The paper presents a new method for structured output prediction using reinforcement learning. Previous methods used reward
augmented maximum likelihoods or policy gradients. The new method uses a soft-max objective. The authors present a new
inference method that can be used to efficiently evaluate the integral in the objective. In addition, the authors propose
to use additional reward functions which encode prior knowledge (e.g. to avoid word repetitions).
The paper seems to be promising from the sequence learning point of view as it can
produce sequences of considerably higher quality. However, the authors seem to be ignorant to a large part of the
reinforcement learning and policy search literature, please see [1,2] for good reviews of policy search with information-geometric
constraints.
(1) The soft-max objective is common in the reinforcement learning literature. The given objective is the dual of the following
optimisation problem:
J = E_{p}[R] + KL(p||p_\theta).
If we solve that for p we exactly get the sampling distribution q given in the paper. Plugging the solution back in
the objective J yields the dual problem of the objective which is equivalent to equation 7. I think such insights
reveal much of the structure of the optimisation problem. Moreover, please note that he objective J is commonly
used in policy search, see for example the REPS algorithm, KL control, linearly solvable MDPs, trust region policy optimisation etc... There is an interesting
difference though, that commonly, we want to compute p and p_theta is the sampling distribution. In this algorithm, we optimise for
p_theta, i.e., we change the sampling distribution.
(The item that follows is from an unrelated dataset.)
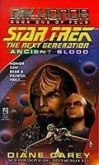 Star Trek: The Next Generation: Day of Honor #1: Ancient Blood (eBook, ePUB)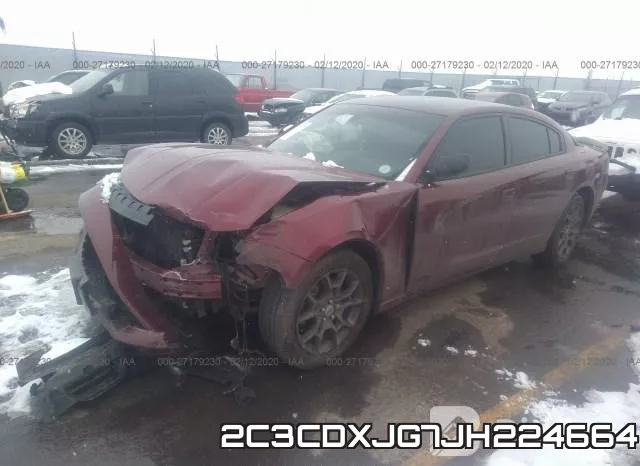 2C3CDXJG7JH224664 фото 3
I think this connections to standard policy search algorithms need to be revealed
in this paper to provide a better understanding what the algorithm actually does.
(2) The RAML algorithm is a special case of expectation-maximisation based policy search while the new algorithm is an
instance of information-theoretic policy search, see [1].
Clarifying these relations should help to improve the paper significantly.
While in general, I like the approach, I have one technical concern regarding the sampling procedure:
The weight w_i for the reward function is either 0 (with probability p_drop) or W. The authors argue that this is
equivalent to using a weight that is given by p_drop * W. However, this is incorrect as
E_p(drop)[exp(log p(z) + I(drop == 0) * W * reward)] is *not* the same as exp(E_p(drop)[log p(z) + I(drop == 0) * W * reward)] =
exp(log p(z) + p_drop * W * reward)]
In fact, the distribution the authors are sampling from is rather a mixture model:
p_drop * p(z) + (1-p_drop) * exp (W * reward) / Z
This is a very different distribution from the one given in the algorithm so I do not think it is sound to use it.
I think this issue need to be addressed before publishing the paper (maybe its also a misunderstanding on my side,
but the authors need to address my concerns and either proof my wrong or suggest a sound sampling method). Using KL trust
regions similar as in the REPS algorithms could for example be a sounder way of finding the weights w_i).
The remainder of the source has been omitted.